Non-government schools in NSW that receive State and Commonwealth funding are required to comply with the Education Act 1990 (NSW) (Act) and the Education Regulations 2017 (NSW) (Regulations). The Department of Education has also published Guidelines to help schools understand their obligations under the Act and Regulations.

Earlier this year (March 2024) the Regulations were updated and a new set of Guidelines were published. We briefly summarise the changes below.

Changes to the Regulations

On 1 March 2024, a new clause 10B was introduced into the Regulations. This clause provides that schools will not be considered to be operating for profit if they use their assets and income, as far as they relate to the school, to provide a “recognised education and care program” (program) for children that attend the school or children who are eligible as set out in the Guidelines. Examples of an eligible program include a preschool program, long day care and out of school hours care.

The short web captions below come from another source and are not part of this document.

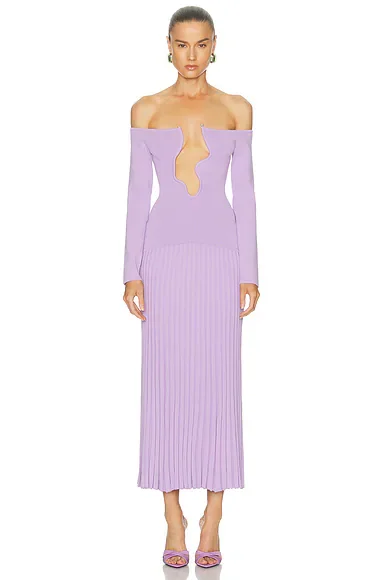 Salacia Pleated Off Shoulder Dress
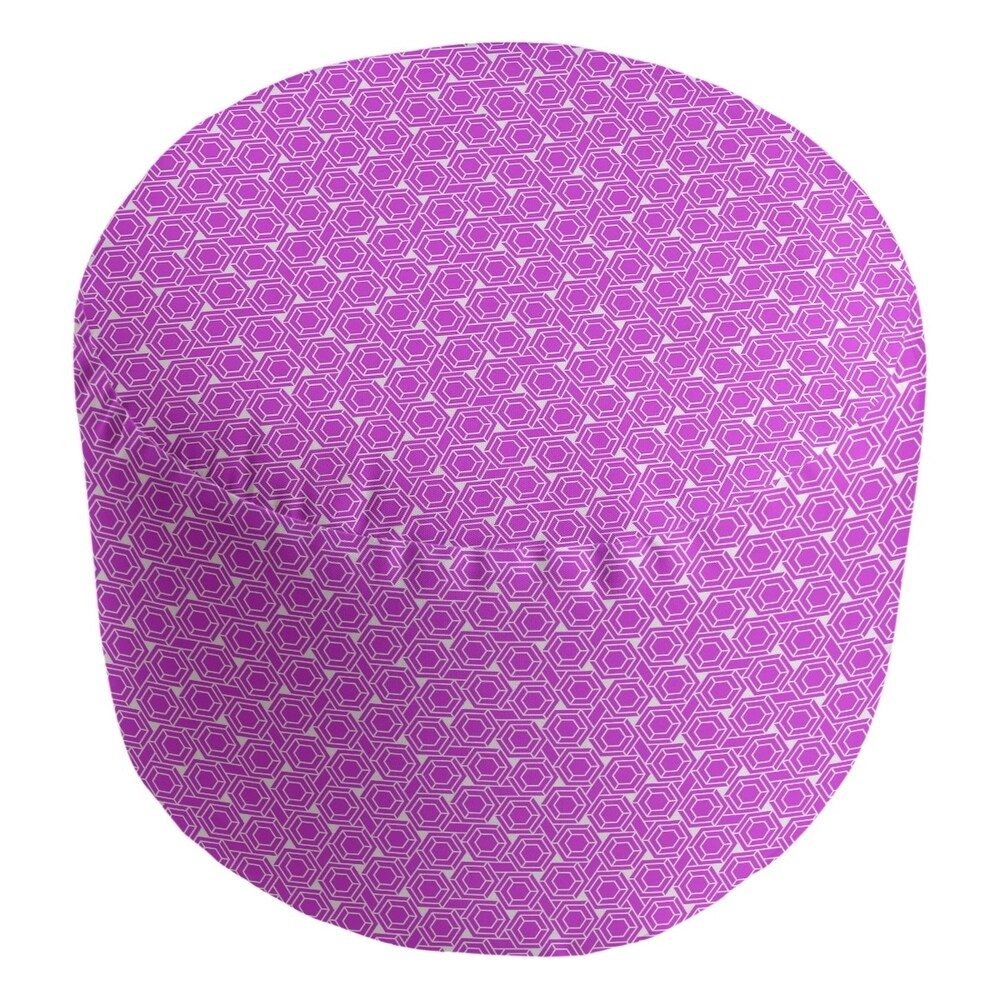 Katelyn Elizabeth Violet & White Hexagonal Lattice Ottoman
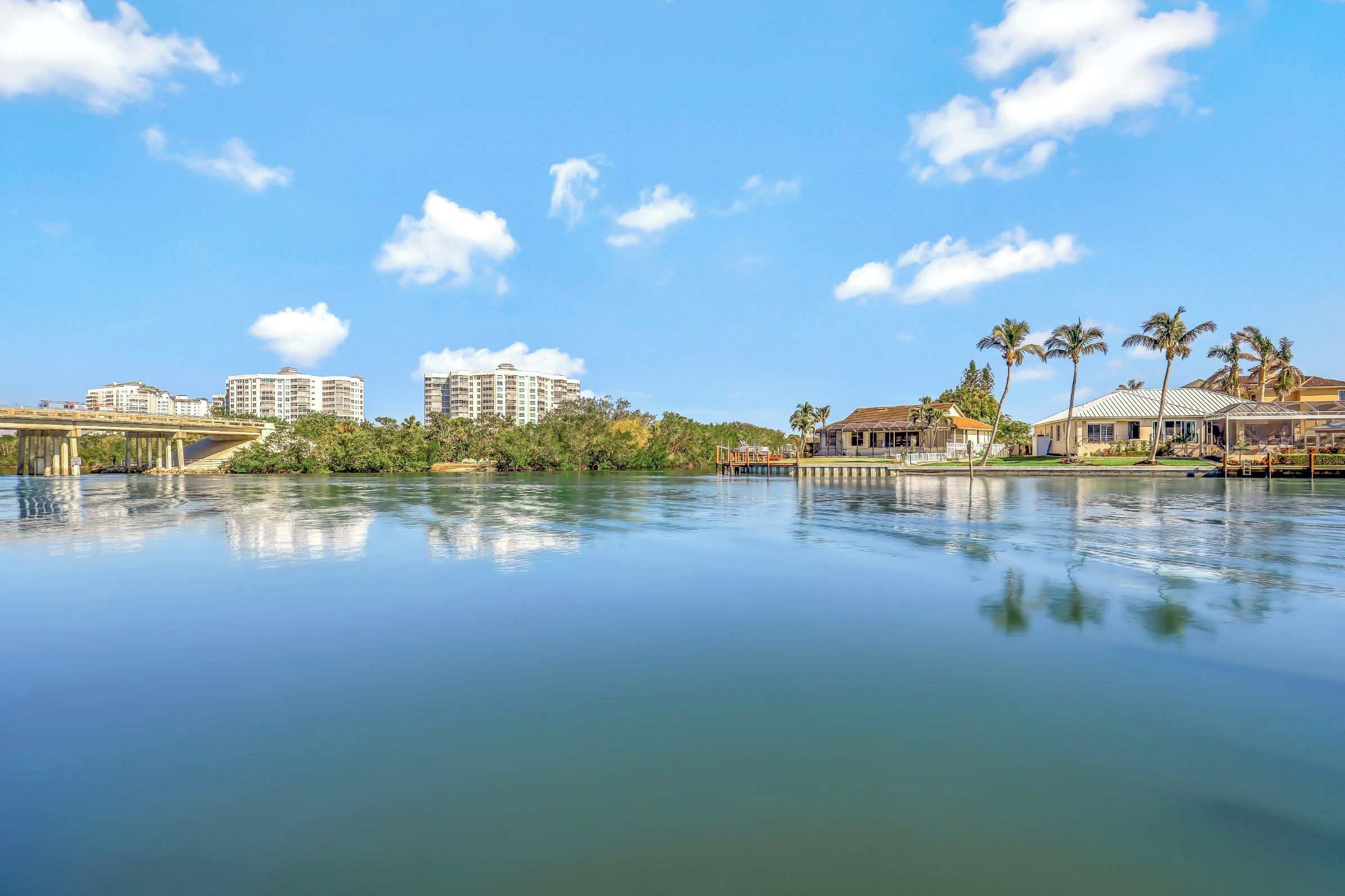 A calm waterfront with buildings and palm trees.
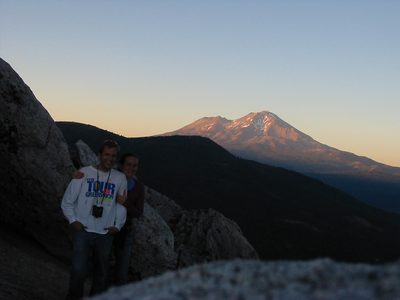 Self portrait. Mt. Shasta as snow-free as it ever gets...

However, schools would be considered to be operating for profit if:

(a) they use the financial assistance they receive from the Minister for the recognised education and care program, i.e. the school must use funds for the program from other sources;

(b) they make a payment for property, goods and services, at more than reasonable market value, if the payment is not for the operation of the program, or in circumstances the Minister considers to be unreasonable; or

(c) the income the school receives from the operation of the program is used for a purpose other than the operation of the program or the school.

Updated Guidelines

The March 2024 Guidelines replace the previous June 2019 Guidelines. The main change to the Guidelines is the introduction of a new section 9.2, which replaces the previous section on “ancillary services”. In summary, section 9.2 set outs:

(a) the additional criteria to determine the categories of children that a program may care for, including the recognition that the children who attends the program may not end up attending the school;

(b) the matters that the Minister may consider in determining whether a program is for children who attend the school or who meet the specific criteria;

(c) the matters that the Minister may consider in determining whether a property, good or service is required for the operations of the program; and

(d) examples of records or policies to be kept by the school in relation to the program.

The Guidelines also remind relevant schools that clause 10B of the Regulations only deals with the use of school assets and income for the provision of programs by the proprietor of the school. It does not apply to programs provided by a third party or related entity. Other sections of the Guidelines and section 83C(2) of the Act generally deal with use of school income and assets (e.g. leasing of school buildings to third parties).

Non-government schools that rely on State and Commonwealth funding and who operates or is considering operating a service that may fall into the definition of a program will need to consider the provisions of clause 10B of the Regulations and section 9.2 of the Guidelines carefully. We recommend that legal advice tailored to the specific circumstances of such be obtained by such schools as part of the governance and risk management process.